A: It’s starting to change the way that I wish it would, which is this very expanded way of what treatment looks like. It’s beginning to open up. For many years, there was this wall between mental health treatment and addiction treatment. It seemed like these two shouldn’t mix, even though there are mental health counselors and there were therapists in addiction. Nuanced things like treating trauma, for example. The addiction world was like, “Whoa, what does that have to do with it?” Those two worlds are coming together.
I would add, let’s speed it up a little bit.
Also, some of the modalities that were used were completely defined by whatever insurance would reimburse. If the insurance says we only have 30 days, then we’re going to create this 30-day program.
There is this wider, bigger, more expansive way of treating this holistically. Could [insurance companies] please get on board with that? I would love for that to change.

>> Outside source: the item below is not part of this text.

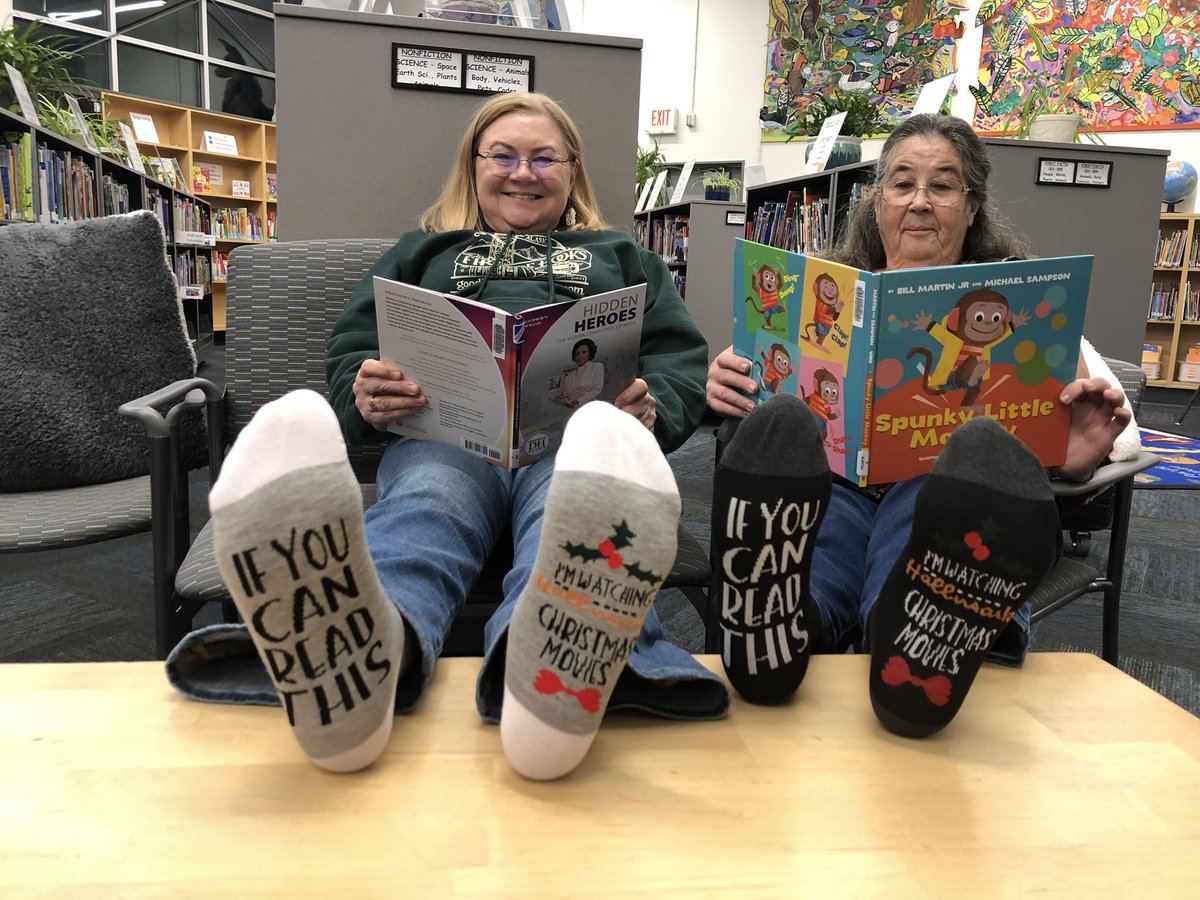 aud_drew's tweet photo. One of our awesome families gifted us these fun socks😀They know us well! #TurnagainLib #libraries #ElementaryChristmas https://t.co/w4jtoqwaIN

Q: What is the No. 1 policy change you would make if you were in charge of the country’s laws and healthcare?
A: I would include wilderness therapy as an acceptable standard, a completely mainstreamed, accepted modality of treatment. It’s not right now. We are working on it. We have data that’s coming out as an industry, but for a while insurance companies would ask, “Do they have walls and beds?” If you don’t have walls and beds, they don’t recognize it as treatment.
Q: After, three decades in this field, what is your top treatment takeaway?
A: 1. Treatment of addiction is treatment of trauma. Those cannot be separated.
2) If somebody really knew how amazing they were, they would reduce their proclivity toward addiction.
3) Healing, even from addiction, happens in people only if it happens between people. It’s a relational thing. Even if the person it’s happening between may not be alive anymore.